Gléi – Kotokopé : royaume des cossettes

Une observation spontanée sur la nationale N°1, du paysage et de l’environnement de la zone située entre Gléi et Kotokopé (peu avant Atakpamé, 150 km de Lomé) laisse voir une présence remarquable du manioc.

A côté de certains champs situés le long de la route, se trouvent les cossettes et les épluchures du manioc tantôt séchées sur la bitume, tantôt en vente sur les étalages.

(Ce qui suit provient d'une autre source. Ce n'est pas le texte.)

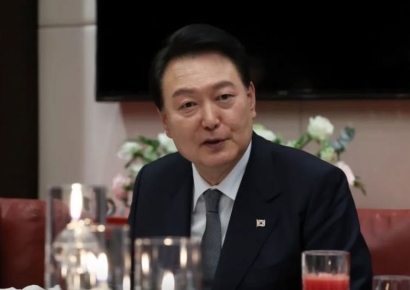 "대통령 윤석열입니다" 멈춰버린 인스타…폭주하는 댓글창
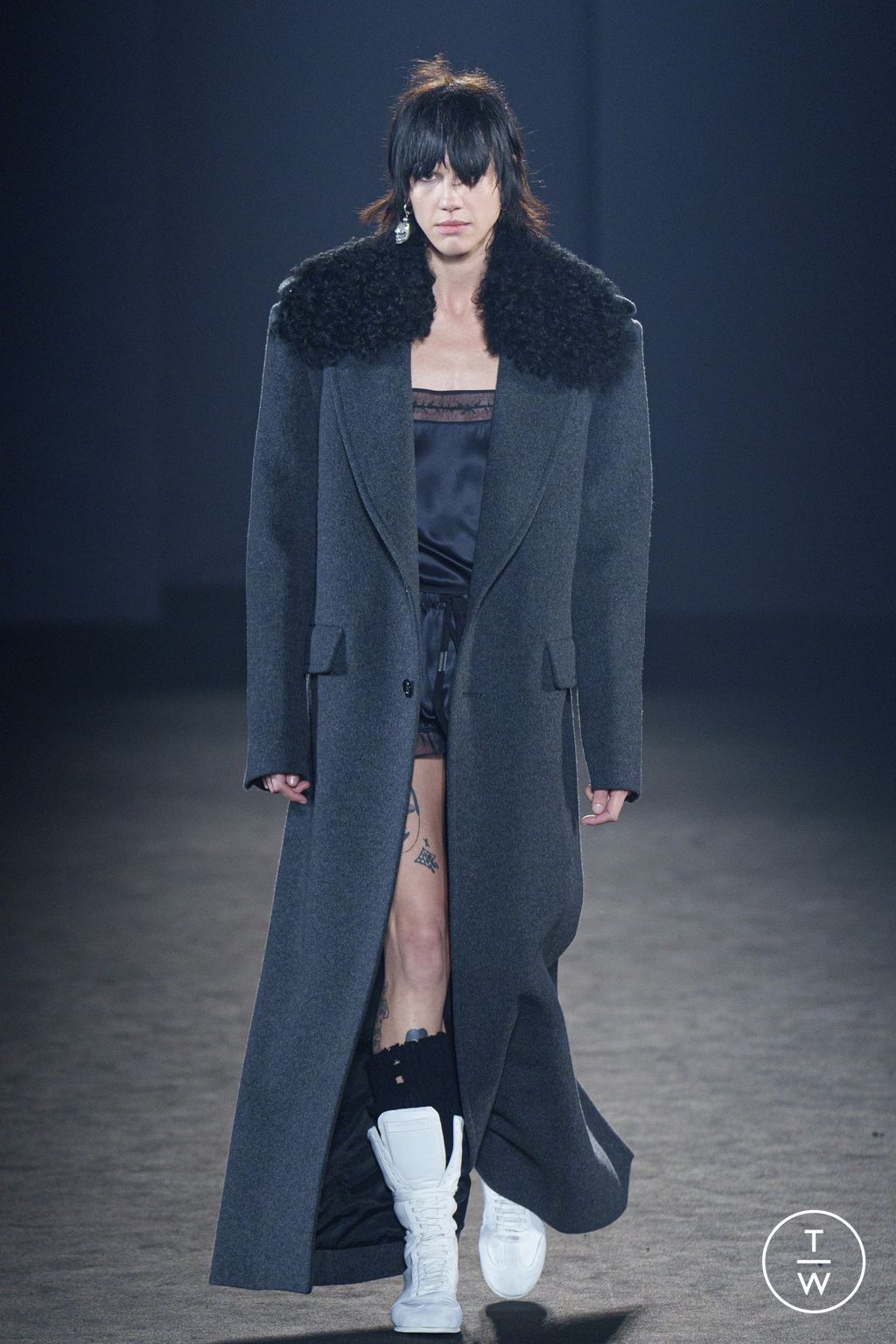 Fashion Week Paris Fall/Winter 2024 look 24 de la collection Ann Demeulemeester womenswear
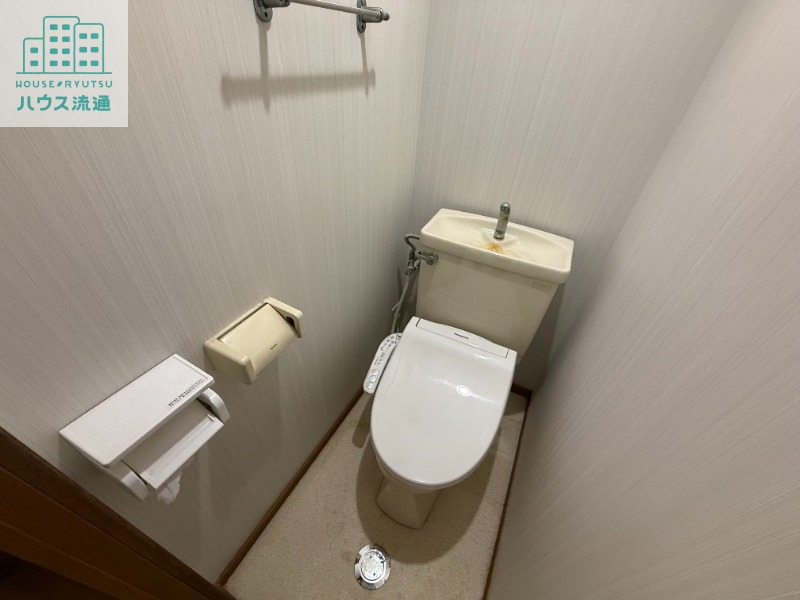 フラワーヒルズIのトイレ写真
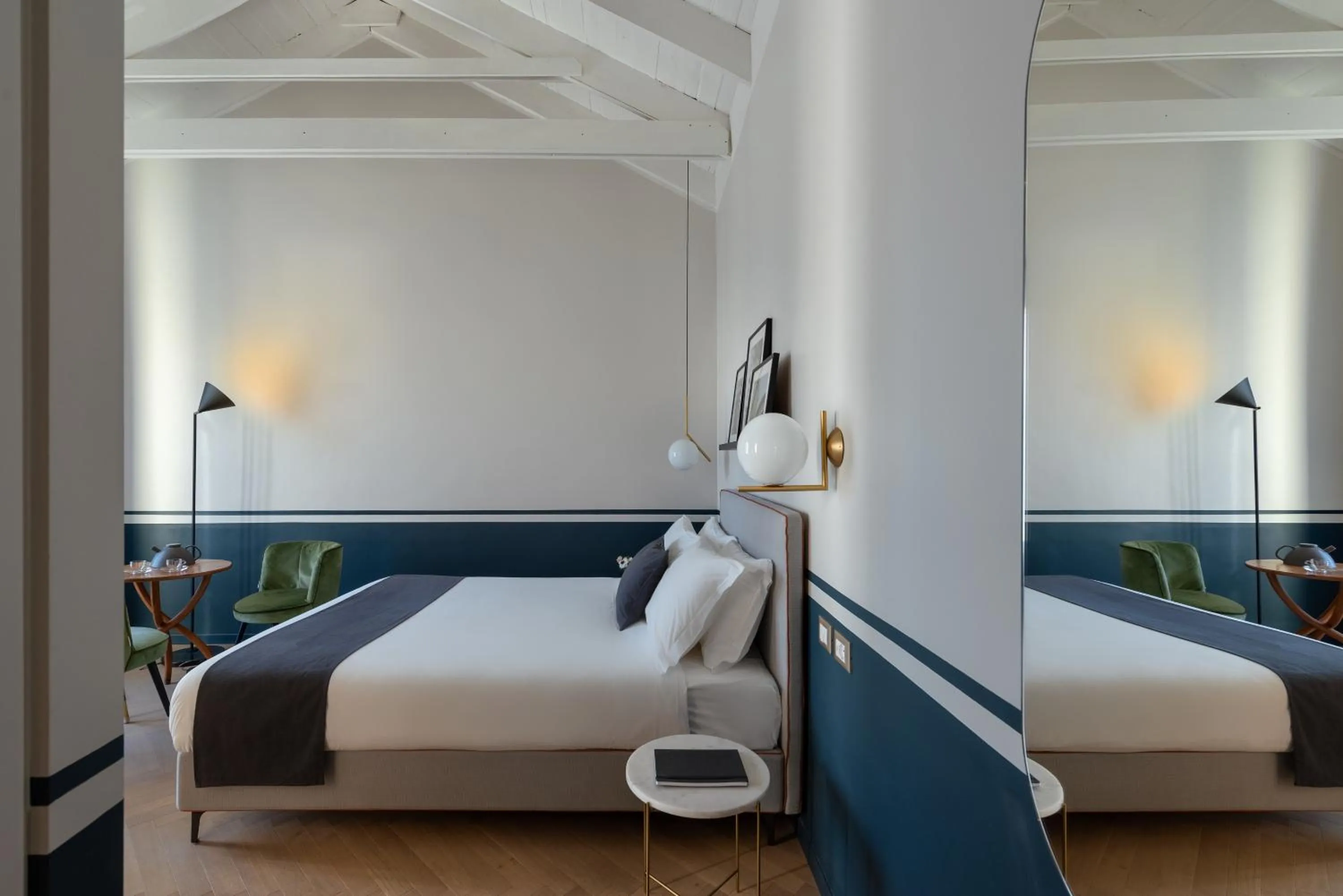 Bedroom, Bed in Velvet Grey Boutique Hotel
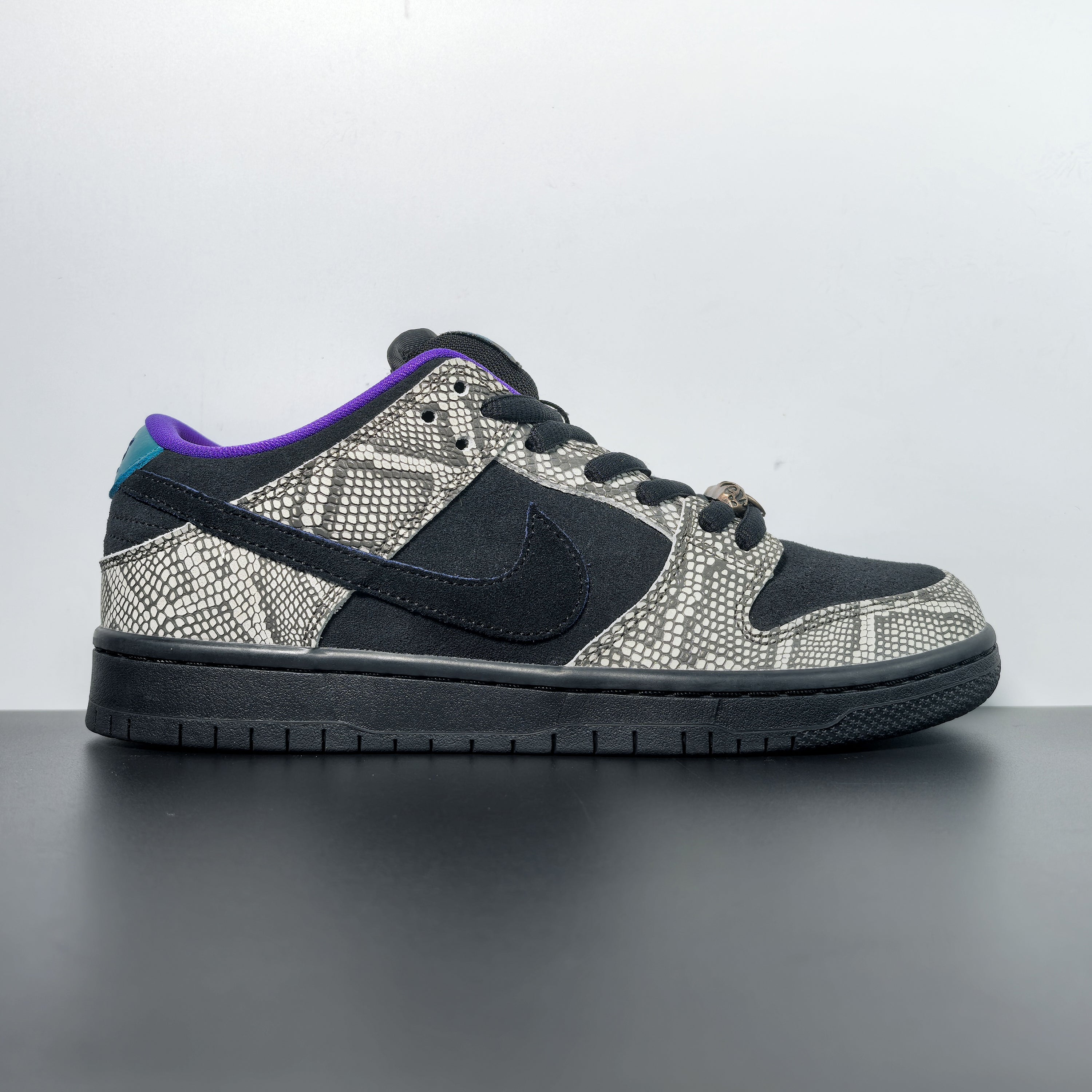 Dashawn Jordan x Nike SB Dunk Low "Copperhead"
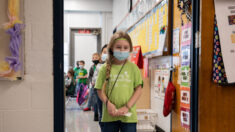 La ciencia debate sobre órdenes de mascarillas en escuelas mientras ignora los daños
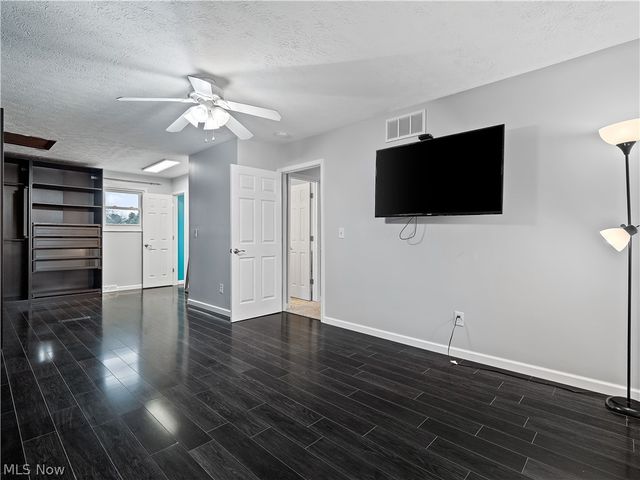 5922 Opal Street, North Ridgeville, OH 44039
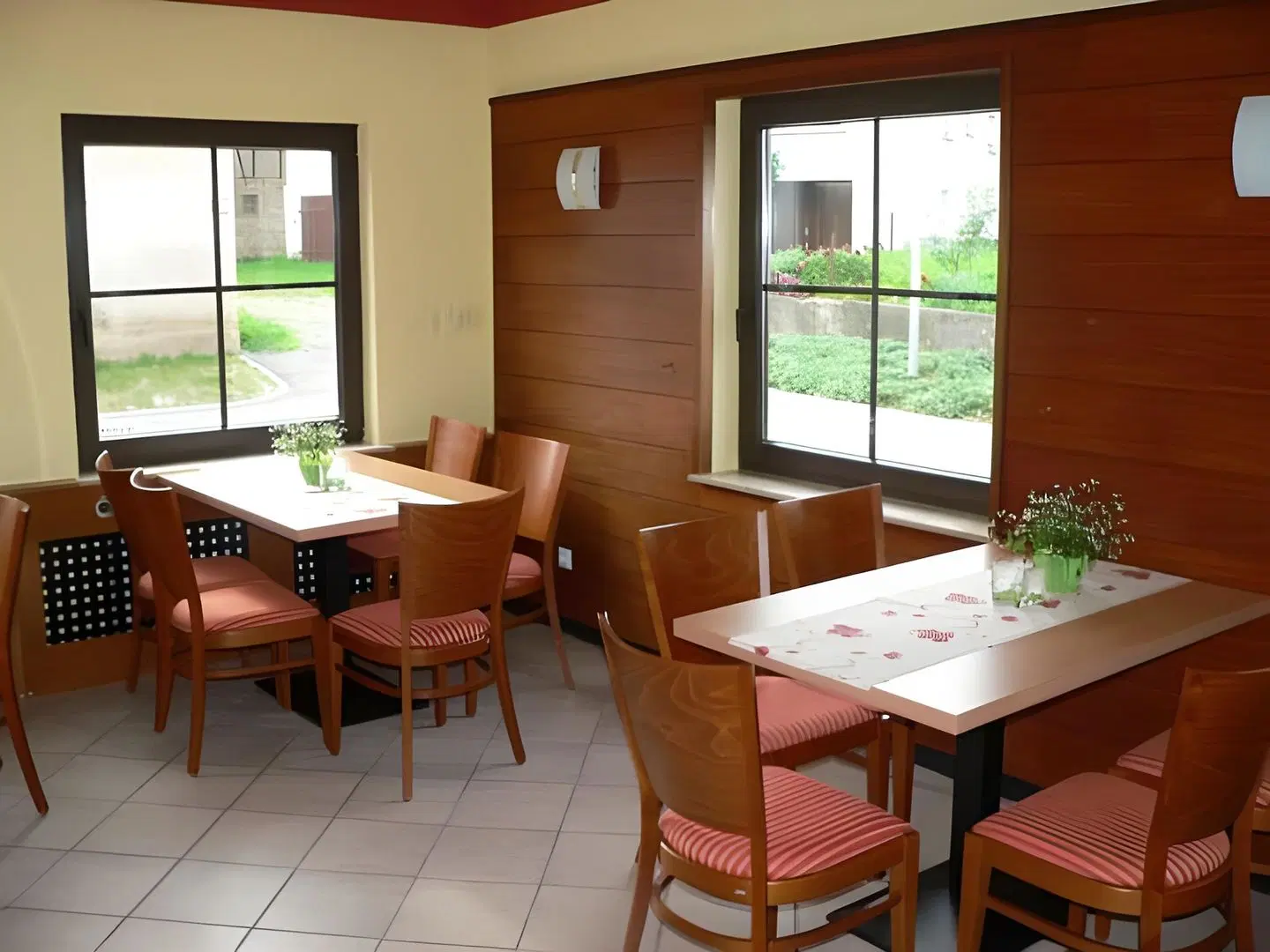 Hotel Loewen ROOM_EXAMPLE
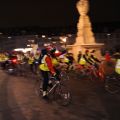 Des vélos en mouvement autour de la fontaine place de la révolution.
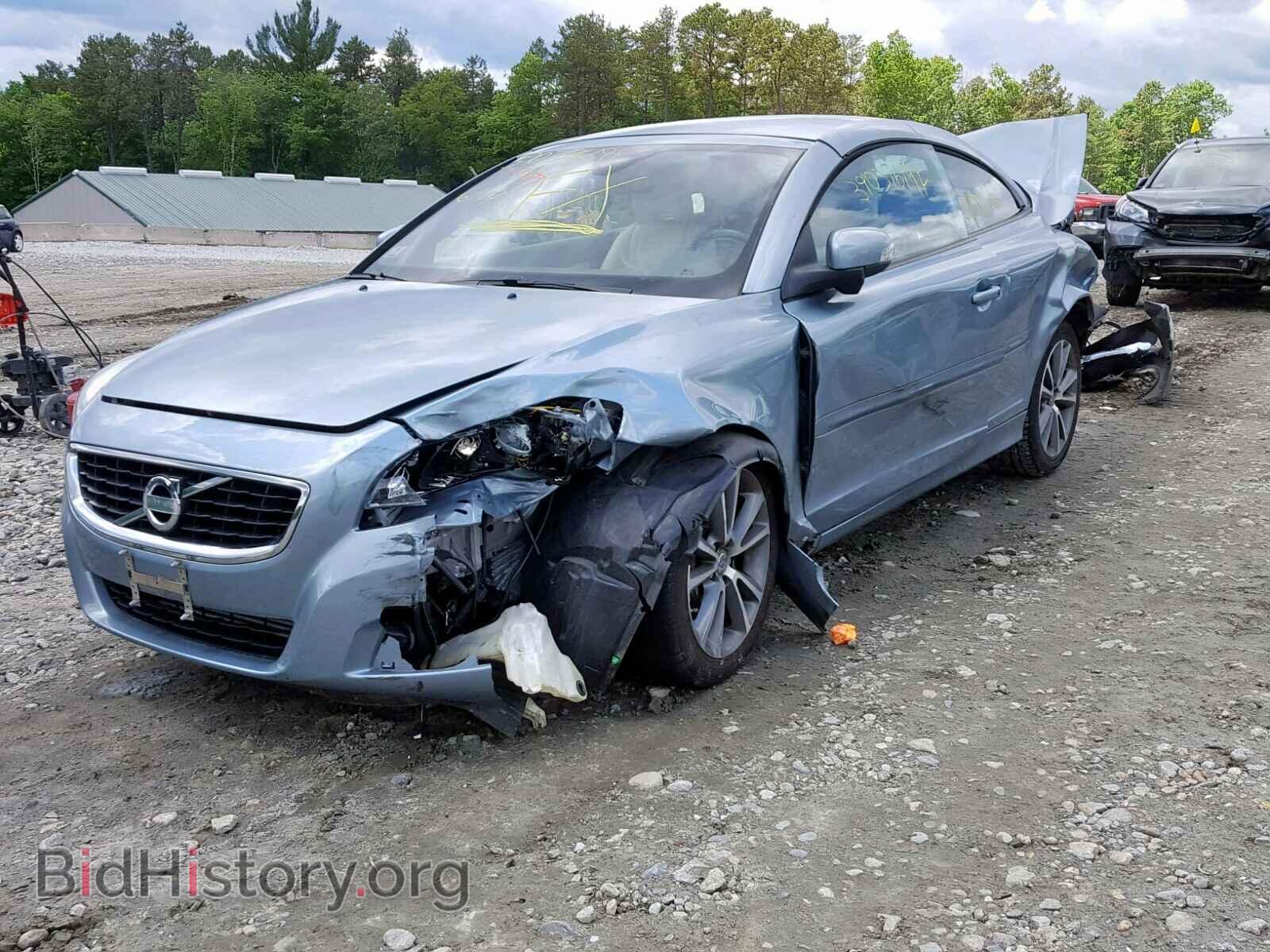 2012 VOLVO C70 - VIN: YV1672MC0CJ126910 - Фото 2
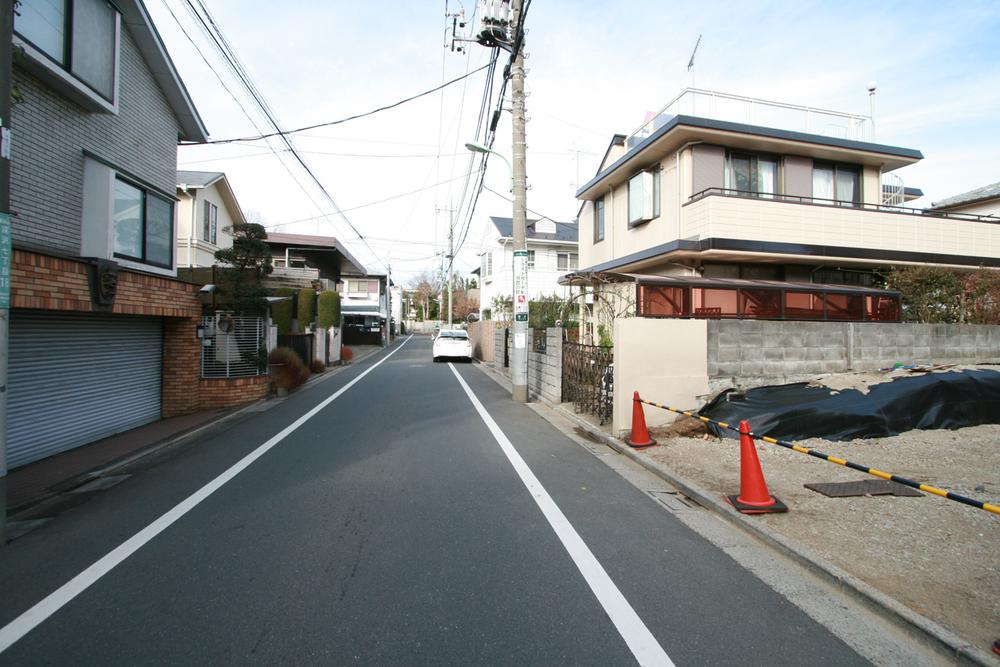 Local photos, including front road. Local and front road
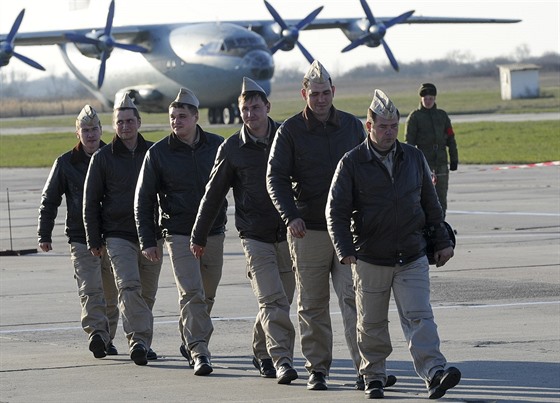 Rutí piloti se ze Sýrie vrátili na jihoruskou základu Primorsk-Achtarsk (16....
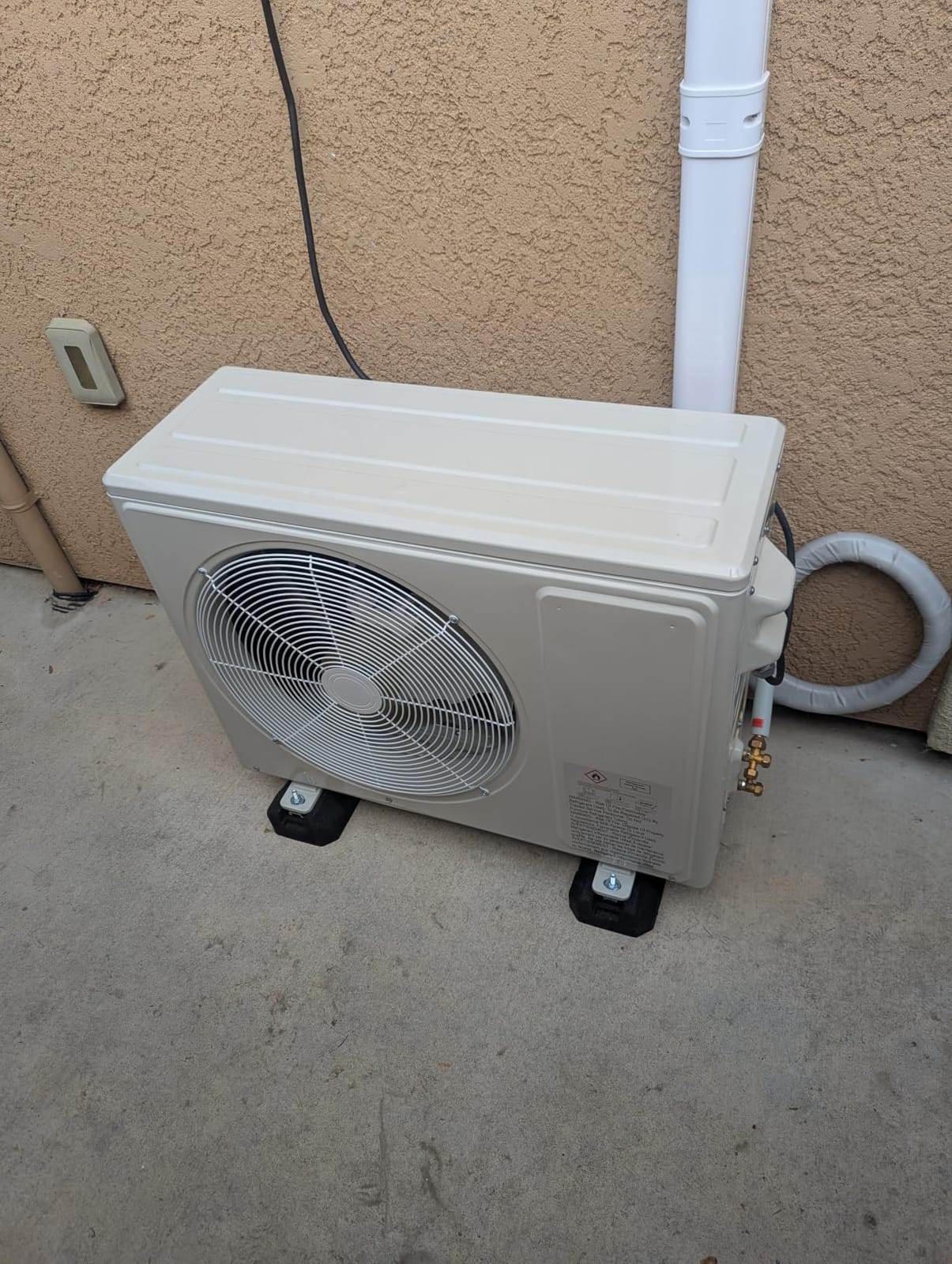 Mountman 12000 BTU Mini Split AC/Heating System,19 SEER2 110/120V Energy Efficient Ductless Inverter System,Cools Up to 750 Sq.Ft with Pre-Charged Condenser,Heat Pump & Installation Kits customer photo 2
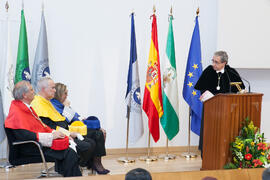 José Ángel Narváez en la imposición de la Medalla de Oro de la Universidad de Málaga a Dª. Adelai...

Les cossettes sont vendus en bassines pour un montant relatif à la taille de la bassine et compris entre 1.500 et 3.000 F cfa. Les épluchures sont mises en sacs et vendus à 1.500 ou 2.500 selon aussi la taille du sac.

Les habitants de cette zone maîtrisent eux-mêmes les systèmes de transformation du manioc. La commercialisation et la transformation du manioc constituent une importante source de revenus pour la communauté.

Gléi : point focal du manioc dans la zone

Si à Gléi, la production est aussi suffisante pour alimenter la transformation, les transformateurs de Kotokopé et ses environs font des fois recours au marché de Gléi pour l’approvisionnement en matières premières.

Outre les cossettes et les épluchures de manioc, on y produit du gari et du tapioca qu’on ne retrouve pas sur les étalages.

Le manioc est cultivé dans plusieurs continents au monde et se révèle moins exigeante en conditions pédologiques, hydriques et en soins. Au Togo, il est plus cultivé dans les régions du sud.